- [WHAT IS EXPECTED]:
Print the listing below only from the line that has "Welcome to this" through the line that has "We're going to put", exactly, and drop any picture.

- [DATA FOR ANALYSIS]:
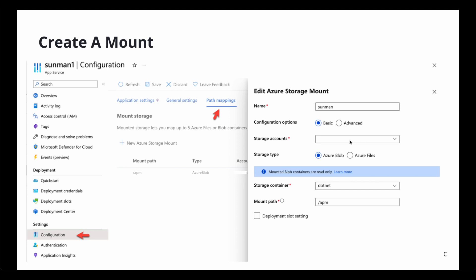And you select your storage account here. I removed it just so I don't want to share it with the public. And then also name your storage container. Remember I showed you in the previous slide that mine is called .NET. And then I mount it.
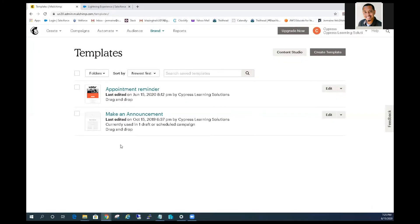Hi, my name is Jermaine Brewer with Cypress Learning. Today I'm going to show you how to import an email template from Mailchimp into Pardot. The process is very simple and requires only a few steps.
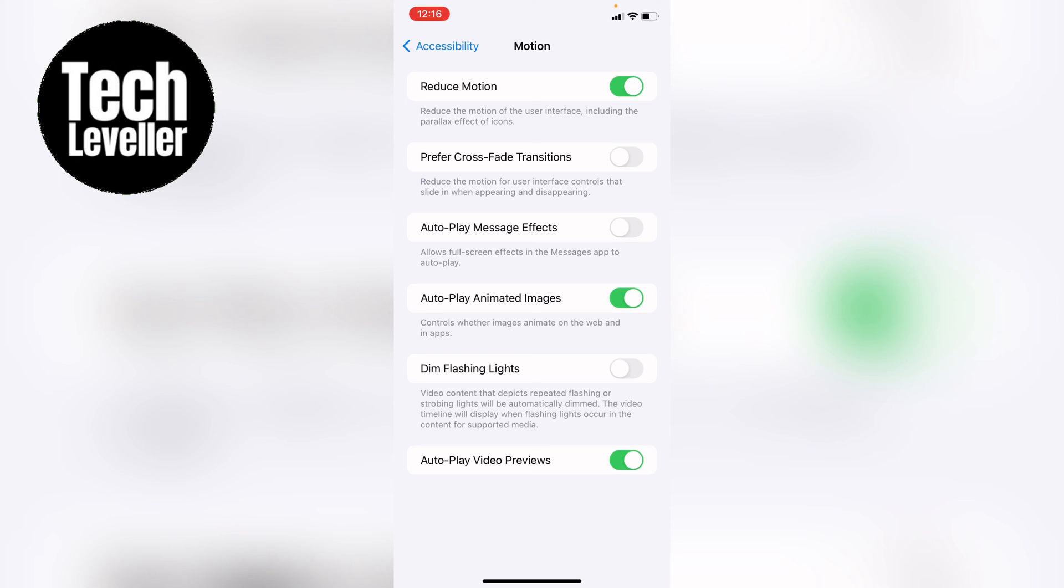So that's how to turn on or turn off autoplay video previews on your iPhone or iPad.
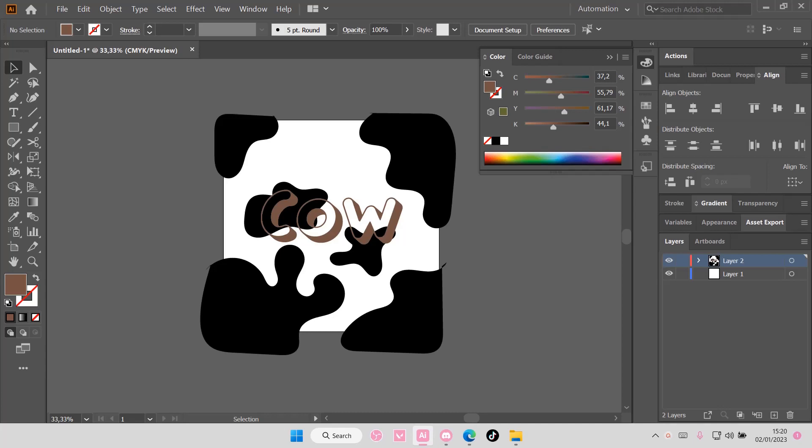Hey guys and welcome back to this channel. In this video I'll be showing you how you can trim excess illustrations on Adobe Illustrator CC. So there are two ways to do this.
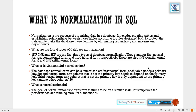Problems of data redundancy include disk space wastage, data inconsistency, and DML queries becoming slow. There are four main types of database normalization: First Normal Form (1NF), Second Normal Form (2NF), Third Normal Form (3NF), and beyond.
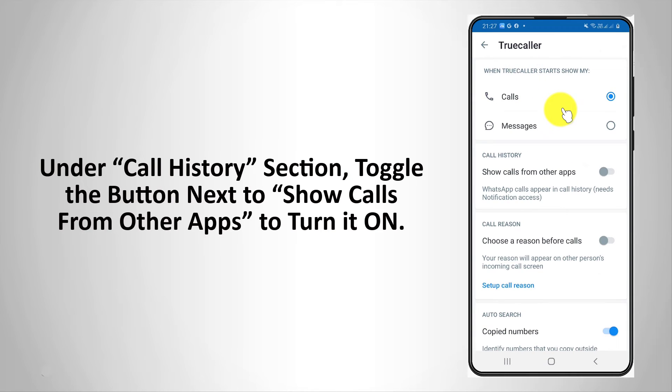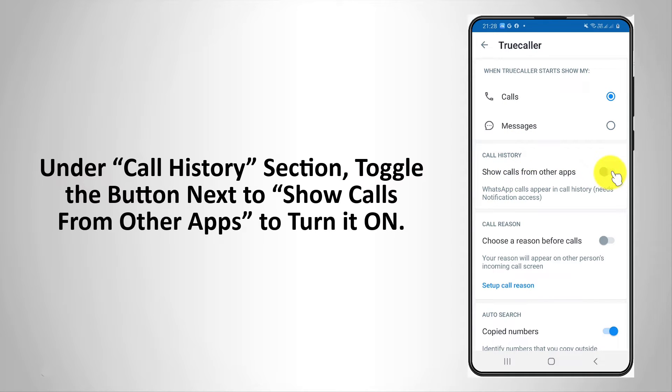Under the call history section, toggle the button next to 'show calls from other apps' to turn it on.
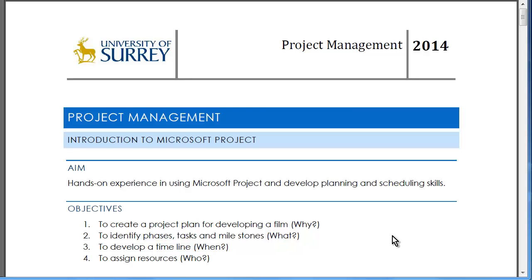Welcome to this project management tutorial entitled Introduction to Microsoft Project. The aim of this tutorial is to give you hands-on experience in using Microsoft Project and to improve your planning and scheduling skills.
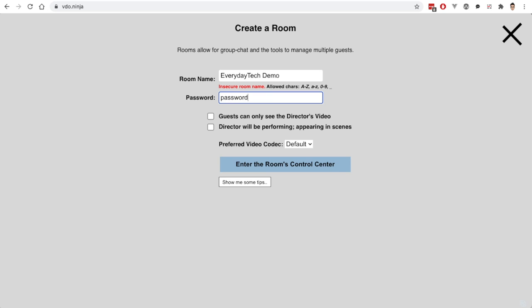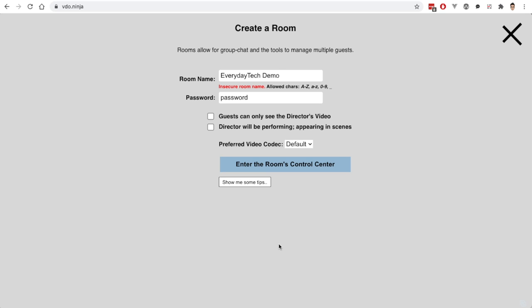We're going to put the password as 'password.' With these options here, 'guests can only see the director's video' means if you have multiple guests coming in and you only want them to see you, they don't necessarily need to interact with each other. The other option is 'director will be appearing in the scenes,' which means the director — that's us, the one creating the room — has the option of being in the production. You can bring in multiple guests and be the director but not be in your video production, controlling all the scenes in OBS while guests interact with each other. Here we're going to create the room and have ourselves be in the scene as well.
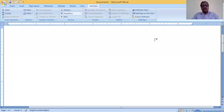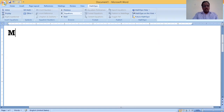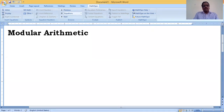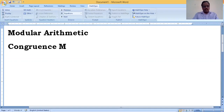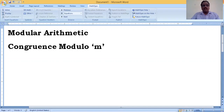Good afternoon, students. In the previous video, we discussed clock arithmetic and how we calculate time on a clock. Today, we are going to discuss modular arithmetic and define congruent modulo m. We will look at what it means, how to work with congruent modulo m, and what applications we can explore.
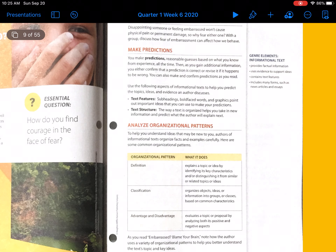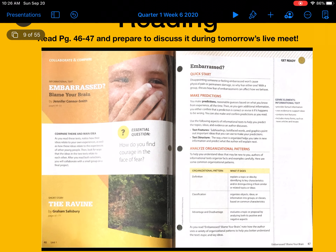Here are some common organizational patterns. Definition explains a topic or idea by identifying its key characteristics and distinguishing it from similar or related topics. Often an author will bold a new word and include a glossary or definition right there in the reading. Classification organizes objects, ideas, or information into groups or classes based on common characteristics. Advantage and disadvantage evaluates a topic or proposal by analyzing both its positive and negative aspects. As you read 'Embarrassed? Blame Your Brain,' note how the author uses a variety of organizational patterns to help you better understand the text's topic and key ideas. Tomorrow during our meet, we're going to talk about why our fear of embarrassment affects how we behave, so please prepare your answer for discussion or to type in the chat.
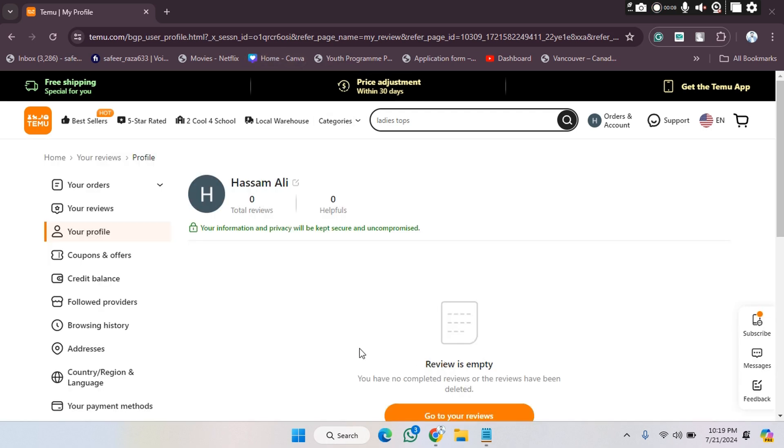Hope you guys are doing well, welcome back. In this video, I'm going to show you how you can check your coupons and offers on the TMV website. So let's get started. First of all,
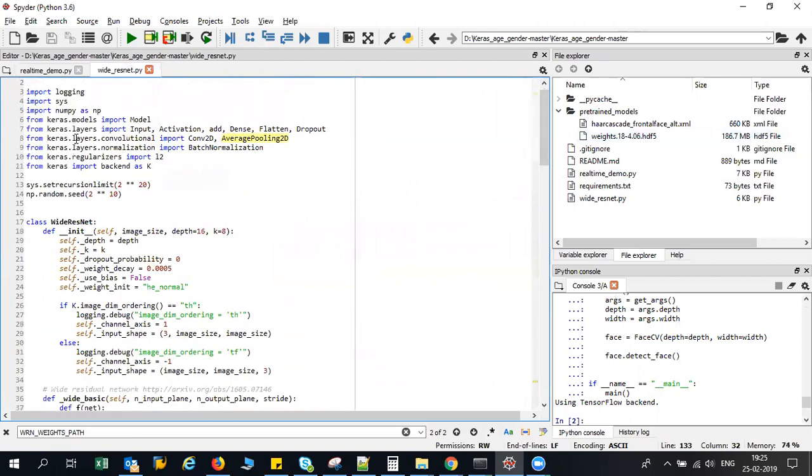Please try to do this project and understand the code. You can actually put it in your resume so that whenever you go for an interview you can showcase this kind of thing. I hope you like this particular video. I'll see you all in the next video. Please try to do this and happy learning, thank you.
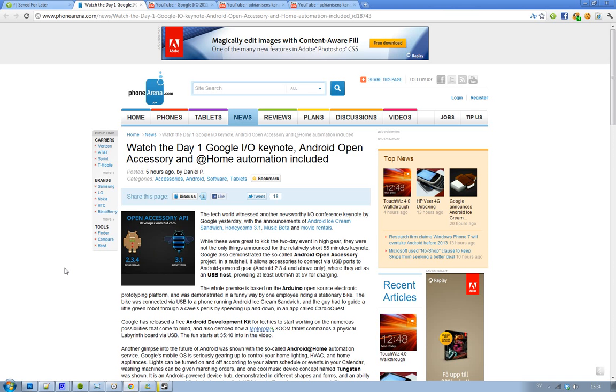It's going to be so good and they also talk about Honeycomb 3.1 that's going to be available for Verizon customers that have the Motorola Zoom 3G. They're also talking about their new music service that is currently in a beta launch right now.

- [ANSWER FOR THE TASK]:
Welcome to this project management tutorial entitled Introduction to Microsoft Project. The aim of this tutorial is to give you hands-on experience in using Microsoft Project and to improve your planning and scheduling skills.
We're going to put the password as 'password.' With these options here, 'guests can only see the director's video' means if you have multiple guests coming in and you only want them to see you, they don't necessarily need to interact with each other. The other option is 'director will be appearing in the scenes,' which means the director — that's us, the one creating the room — has the option of being in the production. You can bring in multiple guests and be the director but not be in your video production, controlling all the scenes in OBS while guests interact with each other. Here we're going to create the room and have ourselves be in the scene as well.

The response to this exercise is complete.